(Data shown begins)

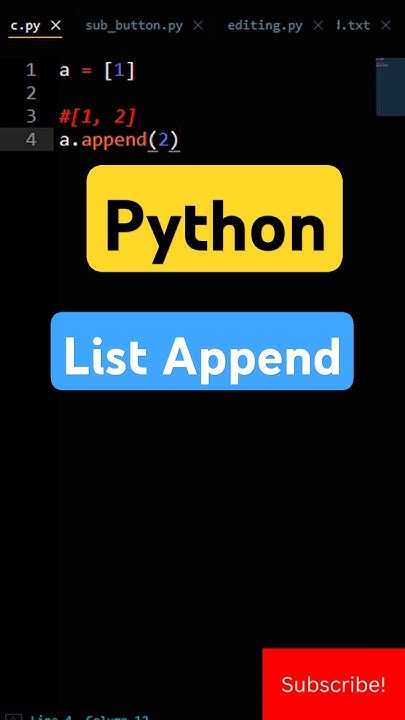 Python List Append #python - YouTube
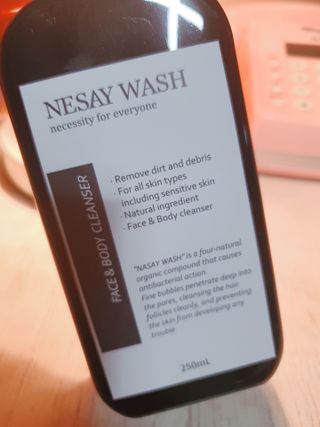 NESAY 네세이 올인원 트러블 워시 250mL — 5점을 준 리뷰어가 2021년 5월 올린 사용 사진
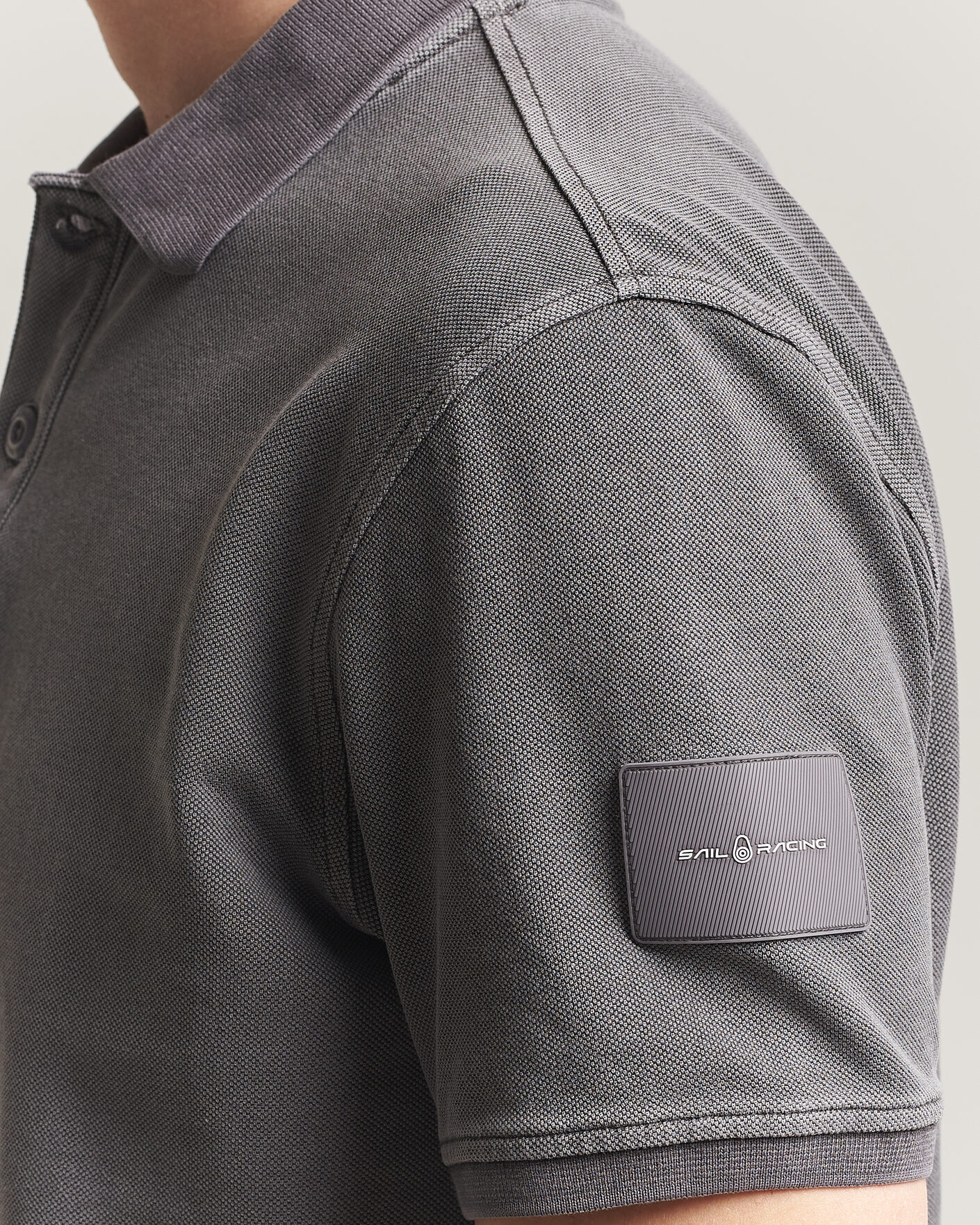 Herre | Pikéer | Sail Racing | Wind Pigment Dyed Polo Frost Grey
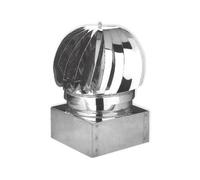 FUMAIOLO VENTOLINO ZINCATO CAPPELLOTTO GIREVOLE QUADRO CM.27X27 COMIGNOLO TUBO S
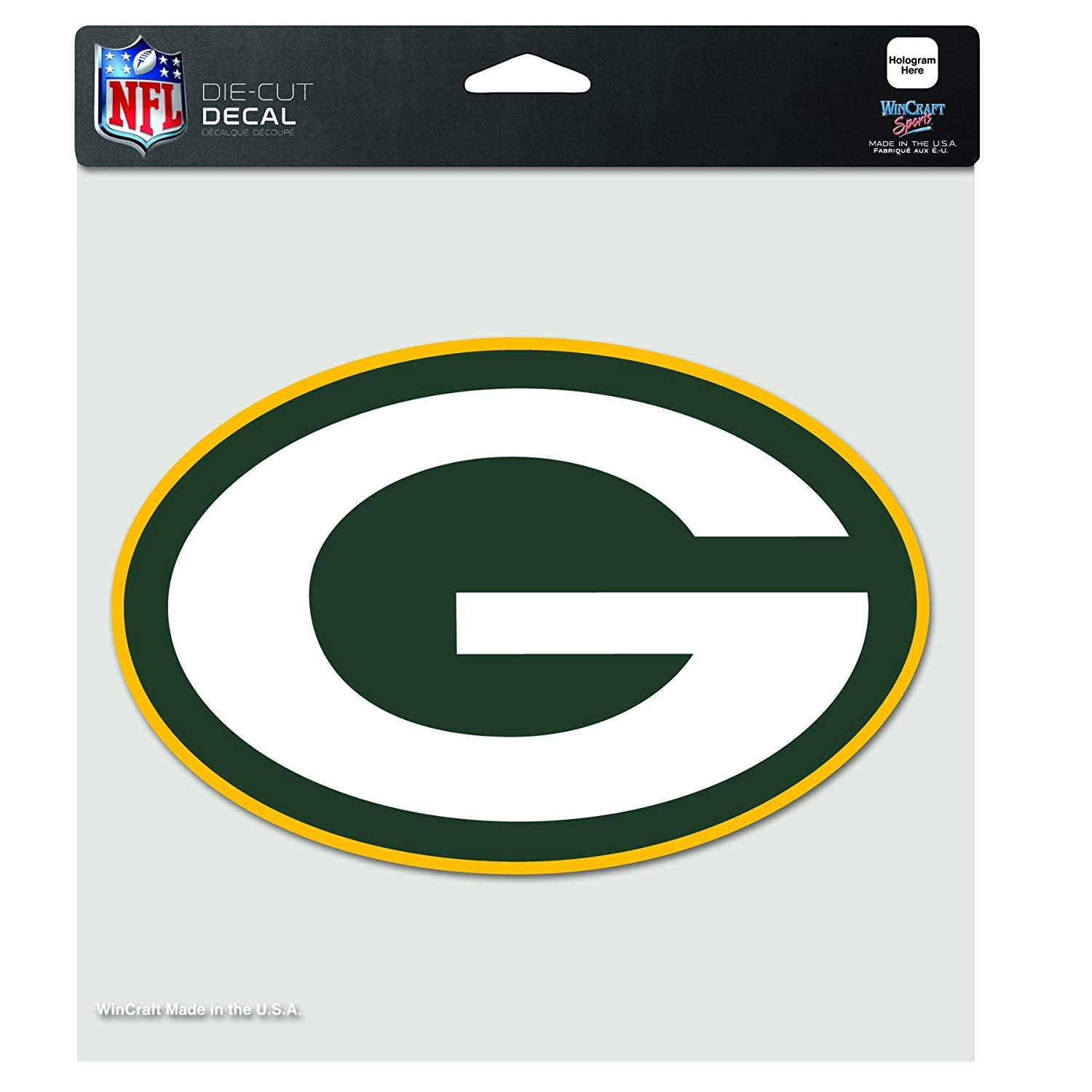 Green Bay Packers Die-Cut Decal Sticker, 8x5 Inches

(Data shown ends)
(Data shown begins)

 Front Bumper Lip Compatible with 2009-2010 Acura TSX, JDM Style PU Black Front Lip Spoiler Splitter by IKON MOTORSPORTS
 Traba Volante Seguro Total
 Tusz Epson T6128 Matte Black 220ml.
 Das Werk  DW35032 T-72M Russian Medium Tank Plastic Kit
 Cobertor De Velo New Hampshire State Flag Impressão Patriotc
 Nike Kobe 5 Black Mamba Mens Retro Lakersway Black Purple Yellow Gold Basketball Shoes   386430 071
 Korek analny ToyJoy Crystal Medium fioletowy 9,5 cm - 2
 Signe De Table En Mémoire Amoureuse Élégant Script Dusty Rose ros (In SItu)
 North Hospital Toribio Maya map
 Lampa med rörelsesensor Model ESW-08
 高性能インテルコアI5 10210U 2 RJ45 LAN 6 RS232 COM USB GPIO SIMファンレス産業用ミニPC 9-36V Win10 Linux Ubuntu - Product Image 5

(Data shown ends)

Your assignment — Whenever "Black" occurs in a line of the entries, copy that line.

Task response —
 Front Bumper Lip Compatible with 2009-2010 Acura TSX, JDM Style PU Black Front Lip Spoiler Splitter by IKON MOTORSPORTS
 Tusz Epson T6128 Matte Black 220ml.
 Nike Kobe 5 Black Mamba Mens Retro Lakersway Black Purple Yellow Gold Basketball Shoes   386430 071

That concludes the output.